Unnamed: 0_level_0,1,2,3,4,5,6
reviewerID,Unnamed: 1_level_1,Unnamed: 2_level_1,Unnamed: 3_level_1,Unnamed: 4_level_1,Unnamed: 5_level_1,Unnamed: 6_level_1
A00503563AVX48TRHJGR6,B00009OOFA,6304383827,6304117752,6304176287,6304178352,6304214502
A0056274FAHZQC4N2ZN8,B00005QZ7U,B00005QCYC,B00005O5CM,B00005LOUP,B00005R87Q,6305076154
A00700212KB3K0MVESPIY,6303965415,6304117752,6304176287,6304178352,6304214502,6304233639
A01174011QPNX7GZF4B92,6300151379,6300183513,156219464X,1558908242,1558807381,1424819253
A0195162PO4TYE44CR9T,6303965415,6304117752,6304176287,6304178352,6304214502,6304233639


The above table displays 6 of the top recommended movies for 5 of the users in our dataset. Unfortunately, for our hybrid approach, we had insufficient examples to perform masking in order to assess the accuracy of our model, as we did with the item-based collaborative filtering method. We examine some of the movies recommended by the model.

For example, for the first reviewer in the table above (reviewerID A00503563AVX48TRHJGR6), the recommended movies corresponding to the Amazon IDs are:
1. Gods and Generals (B00009OOFA)
2. Emma (6304383827)
3. The Sound of Music (6304117752)
4. Willy Wonka & the Chocolate Factory (6304176287)
5. My Fair Lady (6304178352)
6. Heat (6304214502)

The above list comprise mainly of musicals and drama movies. As for the second reviewer (reviewerID A0056274FAHZQC4N2ZN8), the recommended movies are:
1. Moulin Rouge (B00005QZ7U)
2. Jurassic Park Trilogy (B00005QCYC)
3. Legally Blonde (B00005O5CM)
4. Dr. Seuss' How the Grinch Stole Christmas (B00005LOUP)
5. The Fast and the Furious (B00005R87Q)
6. Planet of the Apes Collection (6305076154)
6. Fawlty Towers - The Complete Collection (6305076464)

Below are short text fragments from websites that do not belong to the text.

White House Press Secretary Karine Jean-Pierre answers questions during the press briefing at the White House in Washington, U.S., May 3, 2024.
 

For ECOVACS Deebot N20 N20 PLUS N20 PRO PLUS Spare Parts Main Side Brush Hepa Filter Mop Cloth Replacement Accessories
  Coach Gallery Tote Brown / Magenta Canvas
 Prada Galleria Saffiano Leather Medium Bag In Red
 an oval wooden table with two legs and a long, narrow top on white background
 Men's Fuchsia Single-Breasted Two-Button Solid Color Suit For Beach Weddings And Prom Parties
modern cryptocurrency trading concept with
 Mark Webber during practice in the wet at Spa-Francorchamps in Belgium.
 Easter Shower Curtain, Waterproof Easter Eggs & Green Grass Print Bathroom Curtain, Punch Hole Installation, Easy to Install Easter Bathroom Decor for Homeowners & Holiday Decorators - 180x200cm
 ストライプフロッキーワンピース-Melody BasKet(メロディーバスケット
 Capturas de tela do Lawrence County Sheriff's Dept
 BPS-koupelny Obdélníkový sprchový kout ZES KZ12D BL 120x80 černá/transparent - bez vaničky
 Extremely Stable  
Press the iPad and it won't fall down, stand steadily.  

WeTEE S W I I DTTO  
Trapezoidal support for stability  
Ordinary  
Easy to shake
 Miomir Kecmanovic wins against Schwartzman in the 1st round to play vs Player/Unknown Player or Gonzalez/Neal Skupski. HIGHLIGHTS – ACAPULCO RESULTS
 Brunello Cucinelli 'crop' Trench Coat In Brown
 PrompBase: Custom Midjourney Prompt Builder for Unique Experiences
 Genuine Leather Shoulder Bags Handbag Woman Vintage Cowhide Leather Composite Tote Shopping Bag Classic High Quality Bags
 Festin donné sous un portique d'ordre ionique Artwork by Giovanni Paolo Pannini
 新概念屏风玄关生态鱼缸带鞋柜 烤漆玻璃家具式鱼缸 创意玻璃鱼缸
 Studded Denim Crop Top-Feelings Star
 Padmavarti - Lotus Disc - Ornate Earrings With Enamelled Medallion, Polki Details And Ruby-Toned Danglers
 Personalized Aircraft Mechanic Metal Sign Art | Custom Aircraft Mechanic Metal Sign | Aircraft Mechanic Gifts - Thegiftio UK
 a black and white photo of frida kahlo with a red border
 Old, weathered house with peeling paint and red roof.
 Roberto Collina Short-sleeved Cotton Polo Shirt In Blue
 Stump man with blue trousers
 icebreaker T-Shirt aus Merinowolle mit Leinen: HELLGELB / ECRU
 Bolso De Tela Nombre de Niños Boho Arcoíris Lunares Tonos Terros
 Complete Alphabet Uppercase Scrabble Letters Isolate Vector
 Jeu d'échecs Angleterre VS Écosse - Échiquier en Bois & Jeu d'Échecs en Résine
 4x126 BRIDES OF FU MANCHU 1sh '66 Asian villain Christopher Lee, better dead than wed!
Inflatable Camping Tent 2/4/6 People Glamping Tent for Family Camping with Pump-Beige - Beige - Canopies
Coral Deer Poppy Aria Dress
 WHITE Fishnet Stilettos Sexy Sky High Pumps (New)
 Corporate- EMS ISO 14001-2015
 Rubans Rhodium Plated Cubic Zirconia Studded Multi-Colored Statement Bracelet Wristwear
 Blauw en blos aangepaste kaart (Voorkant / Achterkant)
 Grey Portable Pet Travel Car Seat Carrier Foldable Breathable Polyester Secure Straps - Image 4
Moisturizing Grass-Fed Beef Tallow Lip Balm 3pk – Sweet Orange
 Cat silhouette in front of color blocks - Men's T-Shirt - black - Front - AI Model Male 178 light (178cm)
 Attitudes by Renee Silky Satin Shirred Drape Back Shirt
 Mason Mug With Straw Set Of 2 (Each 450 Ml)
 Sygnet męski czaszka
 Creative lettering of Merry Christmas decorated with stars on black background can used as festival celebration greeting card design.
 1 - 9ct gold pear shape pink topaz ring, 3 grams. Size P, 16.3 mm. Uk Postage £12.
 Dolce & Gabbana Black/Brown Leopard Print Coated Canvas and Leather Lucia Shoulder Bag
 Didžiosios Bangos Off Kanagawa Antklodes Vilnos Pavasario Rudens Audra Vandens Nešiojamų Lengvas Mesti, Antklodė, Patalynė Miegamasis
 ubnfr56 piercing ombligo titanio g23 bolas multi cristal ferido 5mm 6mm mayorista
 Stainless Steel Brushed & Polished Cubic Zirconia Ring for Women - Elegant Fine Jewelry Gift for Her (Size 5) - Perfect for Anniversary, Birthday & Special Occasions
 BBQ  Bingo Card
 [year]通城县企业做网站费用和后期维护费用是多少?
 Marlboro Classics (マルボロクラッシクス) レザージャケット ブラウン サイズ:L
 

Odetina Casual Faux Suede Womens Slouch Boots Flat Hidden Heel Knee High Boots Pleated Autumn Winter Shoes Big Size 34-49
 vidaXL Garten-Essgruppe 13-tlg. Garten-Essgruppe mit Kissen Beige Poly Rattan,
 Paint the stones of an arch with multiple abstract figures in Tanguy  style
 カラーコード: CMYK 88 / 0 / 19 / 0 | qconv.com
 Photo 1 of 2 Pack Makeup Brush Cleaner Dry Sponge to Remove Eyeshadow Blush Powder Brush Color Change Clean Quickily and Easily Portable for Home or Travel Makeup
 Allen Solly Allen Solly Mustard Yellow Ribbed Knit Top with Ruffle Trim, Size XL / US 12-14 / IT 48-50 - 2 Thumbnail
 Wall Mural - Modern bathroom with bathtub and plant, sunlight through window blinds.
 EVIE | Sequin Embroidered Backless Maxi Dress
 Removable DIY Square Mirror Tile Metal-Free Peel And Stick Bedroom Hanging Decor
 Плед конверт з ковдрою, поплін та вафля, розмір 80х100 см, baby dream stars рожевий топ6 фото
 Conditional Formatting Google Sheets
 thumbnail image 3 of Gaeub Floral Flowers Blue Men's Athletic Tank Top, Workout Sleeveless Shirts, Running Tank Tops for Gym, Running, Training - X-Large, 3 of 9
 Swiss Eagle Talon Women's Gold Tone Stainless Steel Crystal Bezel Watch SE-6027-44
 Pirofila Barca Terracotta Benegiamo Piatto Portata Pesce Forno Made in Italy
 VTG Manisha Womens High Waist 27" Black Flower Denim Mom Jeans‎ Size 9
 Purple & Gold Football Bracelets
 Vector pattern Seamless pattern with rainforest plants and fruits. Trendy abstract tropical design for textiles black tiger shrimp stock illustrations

which is a mix of mostly action-based movies and comedy. And for the fourth reviewer (reviewer ID A01174011QPNX7GZF4B92), we recommend
1. Labyrinth (6300151379)
2. Rear Window (6300183513)
3. Grave of the Fireflies (156219464X)
5. Pulp Fiction (1558908242)
5. Legend (1558807381)
6. Stargate Sg-1: Season 1 (1424819253)

which consist of mostly of crime action and drama films.